Every line in the data below has to be repeated exactly; no picture belongs in the result.

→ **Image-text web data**

=== Begin Enclosure ===

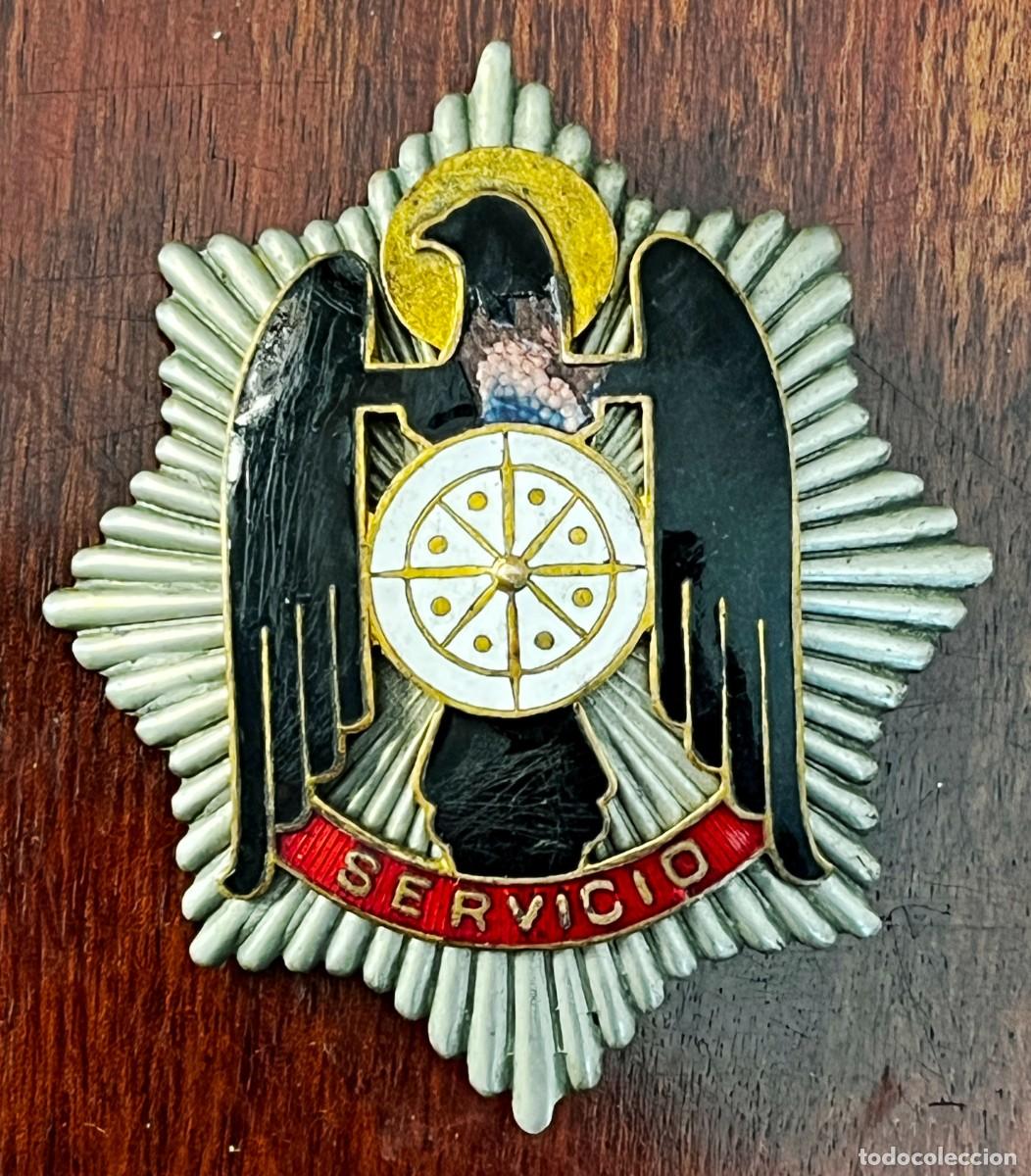 Militaria: Placa de servicio esmaltada con &aacute;guila de San Juan, muy rara, &eacute;poca Franco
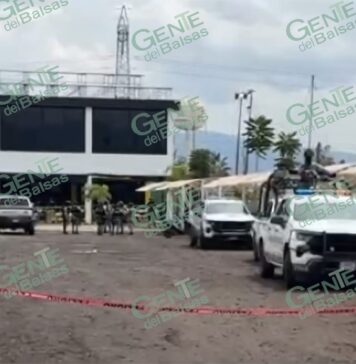 Motosicarios matan a dos hombres en club deportivo de Zamora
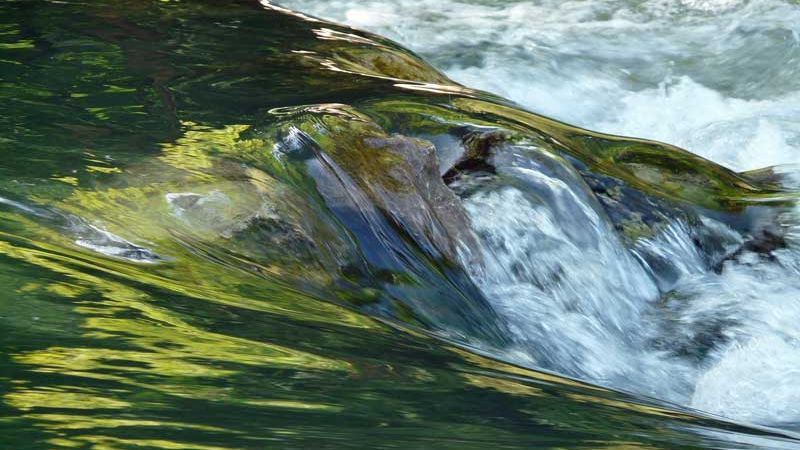 In vielen Gewässern finden sich gefährliche Mikroschadstoffe; Foto: Hans / CC0 / pixabay.com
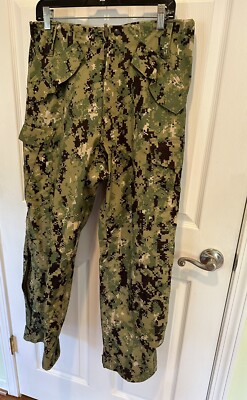 US Navy Working Uniform NWU Small Regular Trousers Camo Gore-Tex 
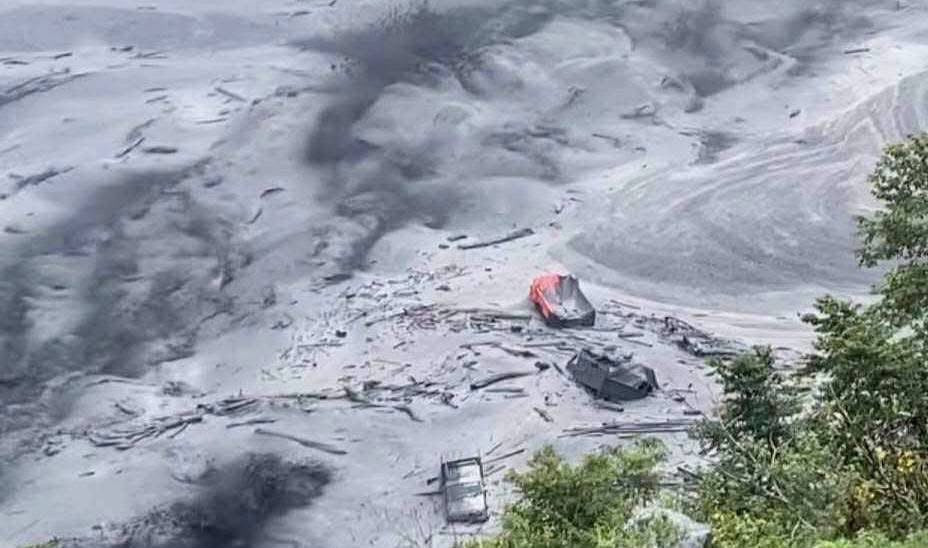 भोटेकोशी बाढीः दसैँ आयो तर आमाबुवा आउनुभएन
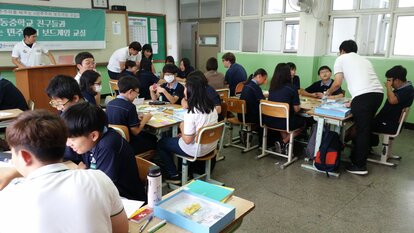 SimDemocracy session at Beondong Middle School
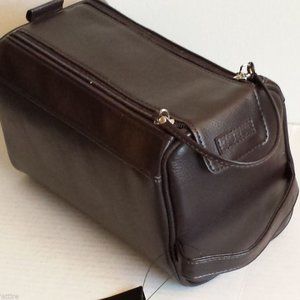 Guess Toiletry Bag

=== End Enclosure ===

→ **Response**
 Militaria: Placa de servicio esmaltada con &aacute;guila de San Juan, muy rara, &eacute;poca Franco
 Motosicarios matan a dos hombres en club deportivo de Zamora
 In vielen Gewässern finden sich gefährliche Mikroschadstoffe; Foto: Hans / CC0 / pixabay.com
 US Navy Working Uniform NWU Small Regular Trousers Camo Gore-Tex 
 भोटेकोशी बाढीः दसैँ आयो तर आमाबुवा आउनुभएन
 SimDemocracy session at Beondong Middle School
 Guess Toiletry Bag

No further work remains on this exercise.